Aller au contenu

Profs contre la charte

Le Délit s’entretient avec Daniel Weinstock

Le professeur de McGill, Daniel Weinstock, fait partie des 60 universitaires à s’être prononcés contre la charte des valeurs dans un mémoire déposé à la commission parlementaire dont les audiences débutent aujourd’hui, mardi le 14 janvier. En entrevue avec Le Délit, le spécialiste en éthique et en philosophie politique pose un regard critique sur cette commission et partage son point de vue sur le controversé projet de loi.

Le Délit : Quelle sera selon vous l’issue de la commission parlementaire chargée d’étudier le projet de loi 60 sur la charte des valeurs ? 

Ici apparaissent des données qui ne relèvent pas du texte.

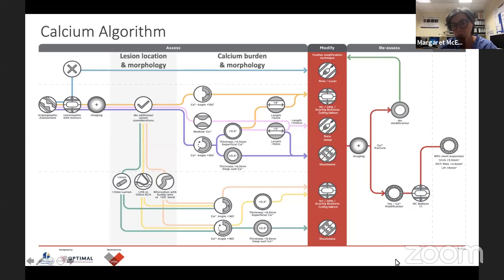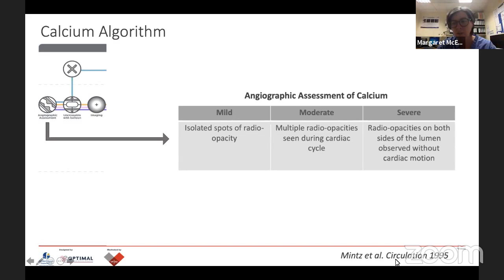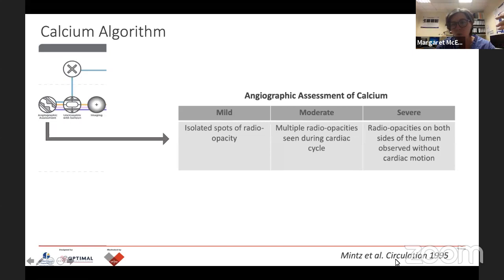I'm going to take you through this step by step and show you two or three cases to illustrate how we use this in everyday practice in the lab here. Like with everything, you start with your angiographic assessment. And if we go back 25 years, Gary Mintz defined coronary calcium on angiography as you see here. Mild calcium is isolated spots of radio-opacity on the angiography. Once you start to see multiple radio-opacities during cardiac motion, that becomes moderate calcium. And once you see radio-opacities on both sides of the vessel when the heart is still on fluoroscopy, that's defined as severe calcium. That's quite a nice, simple way to think about it.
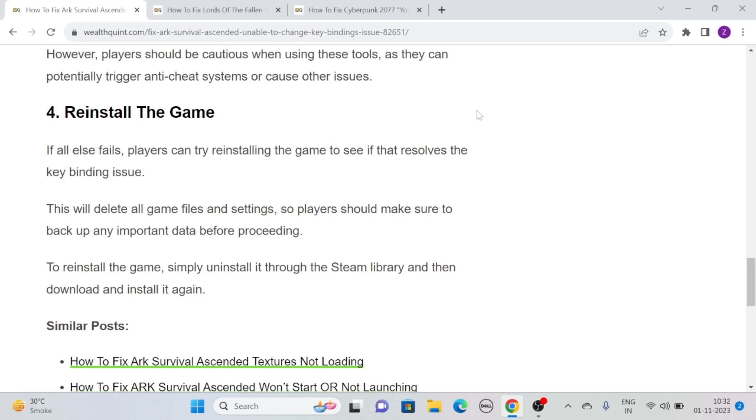This will delete all game files and settings, so make sure to back up any important data before proceeding. To reinstall the game, simply uninstall it through the Steam library and then download and install it again.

Daniel Weinstock : Cette commission présente deux messages très contradictoires. D’un côté, le ministre Bernard Drainville a vraisemblablement choisi d’accueillir tous ceux qui ont demandé parole au lieu de procéder à une sélection ou de se limiter à ceux qui ont soumis des rapports. Ce sont de 250 à 260 groupes présentant diverses opinions qui seront entendus au cours des 200 heures d’audiences. Le message ainsi transmis est que le processus se veut très consultatif et très ouvert.

D’un autre côté, le message que le gouvernement martèle depuis le début du débat sur la laïcité est : nous ne reculerons pas. Ainsi, certains parmi ceux qui se positionnent contre le projet de loi dans sa forme actuelle se demandent si l’exercice auquel ils se livrent est purement décoratif. L’avenir nous dira comment cette contradiction sera résolue et si nous aurons un impact sur le processus décisionnel ou si nous ne ferons que de la figuration.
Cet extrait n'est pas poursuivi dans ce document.